_ENTRIES SHOWN_

----------

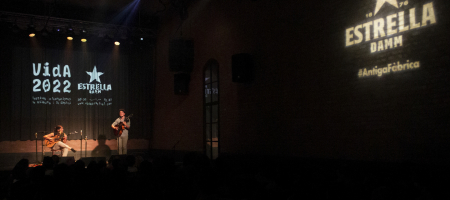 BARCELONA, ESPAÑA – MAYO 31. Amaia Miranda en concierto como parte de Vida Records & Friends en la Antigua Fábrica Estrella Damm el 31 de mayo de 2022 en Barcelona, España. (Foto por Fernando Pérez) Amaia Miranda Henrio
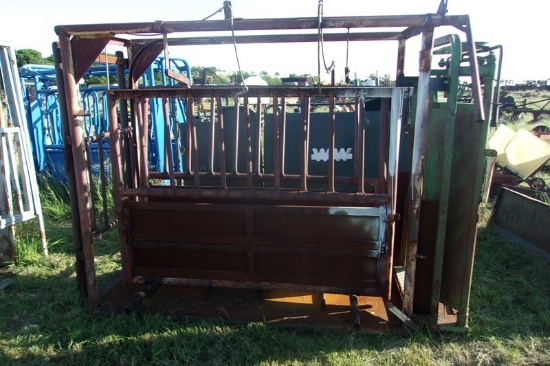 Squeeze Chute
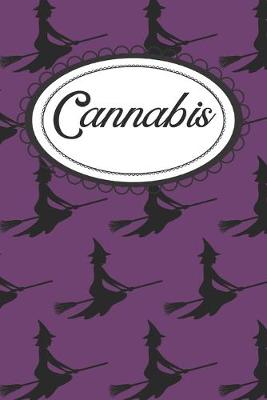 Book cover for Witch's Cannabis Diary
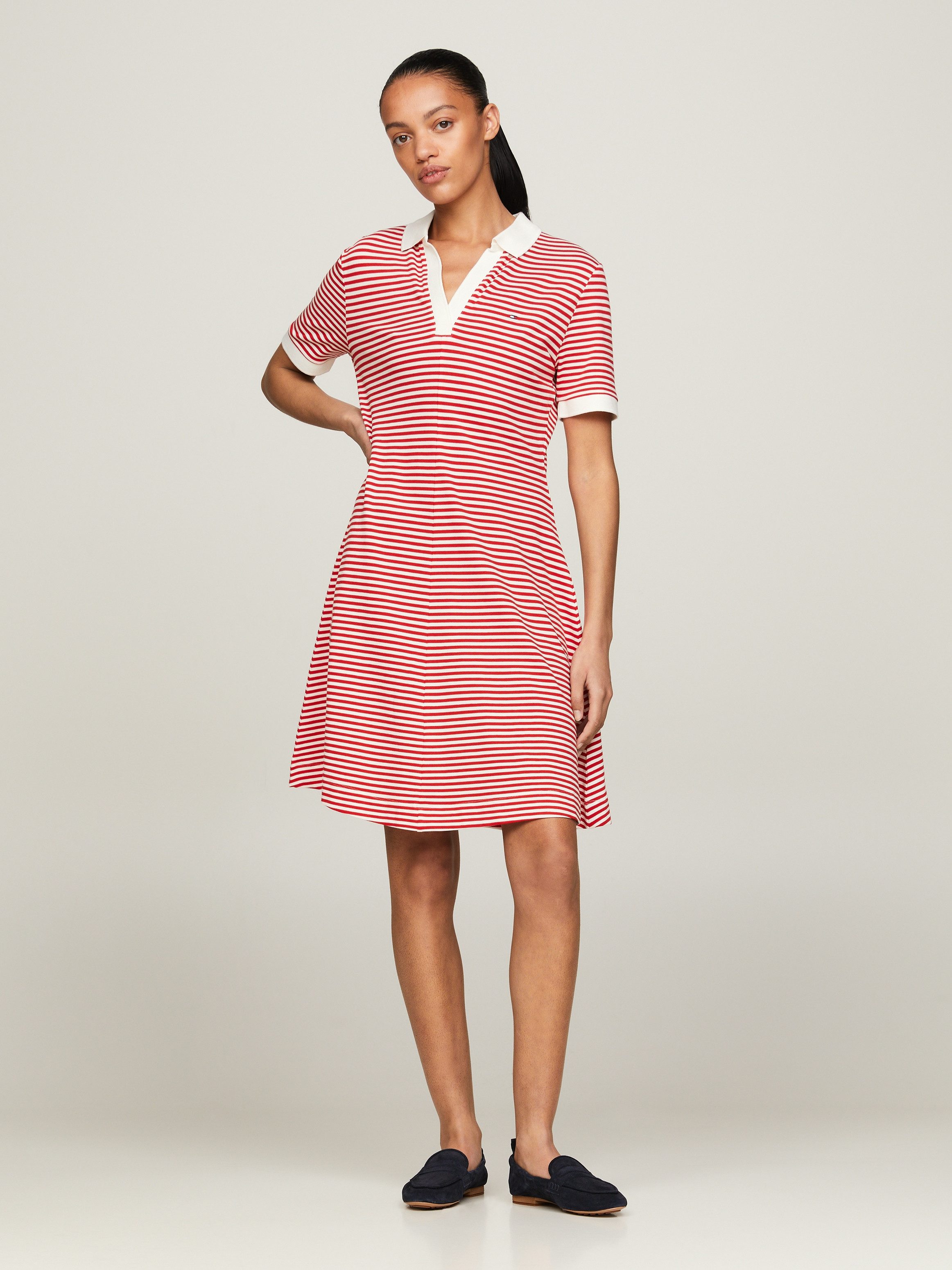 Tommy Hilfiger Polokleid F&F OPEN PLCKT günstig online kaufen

----------

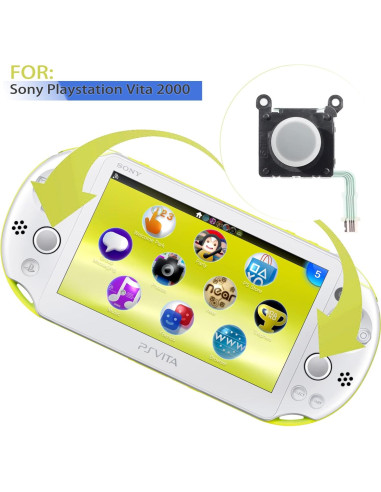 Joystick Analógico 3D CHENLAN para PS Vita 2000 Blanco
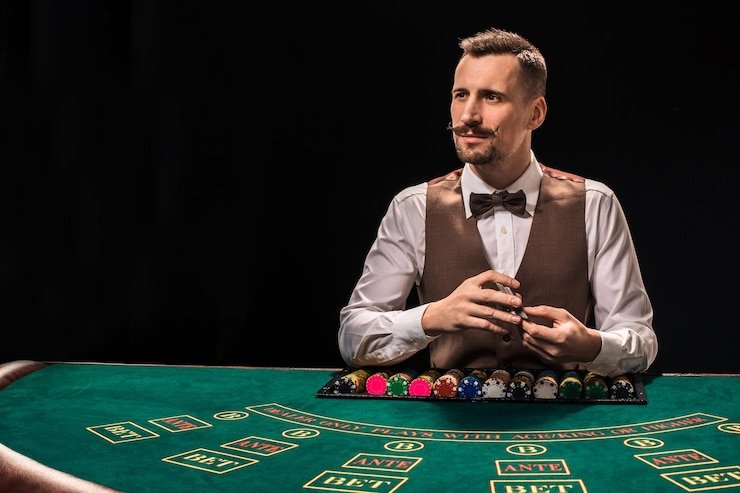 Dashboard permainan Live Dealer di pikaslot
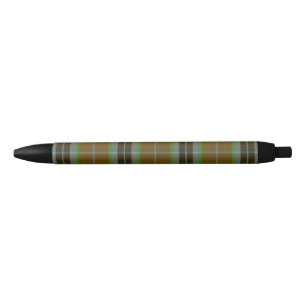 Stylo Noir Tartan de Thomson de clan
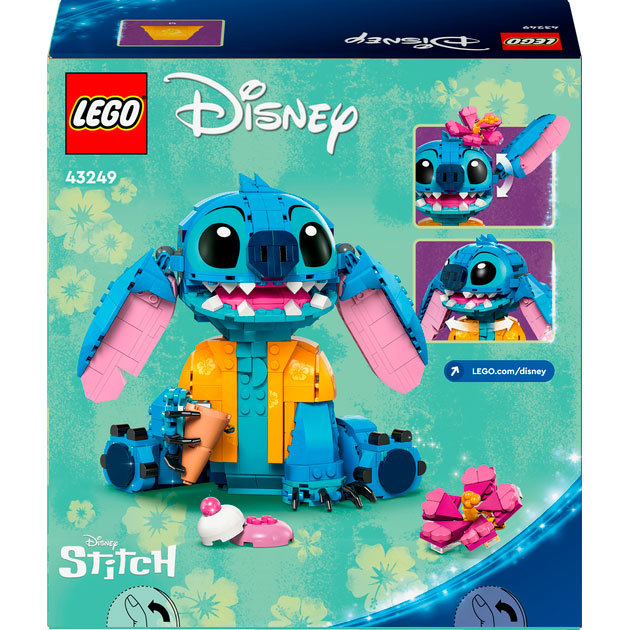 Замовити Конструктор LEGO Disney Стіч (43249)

----------

_TASK OBJECTIVE_
Look above for the line with "Joystick Analógico 3D" and the line with "Замовити Конструктор LEGO", then copy them and all lines in between exactly as written, and only those, without any pictures.

_RESPONSE TO THIS EXERCISE_
 Joystick Analógico 3D CHENLAN para PS Vita 2000 Blanco
 Dashboard permainan Live Dealer di pikaslot
 Stylo Noir Tartan de Thomson de clan
 Замовити Конструктор LEGO Disney Стіч (43249)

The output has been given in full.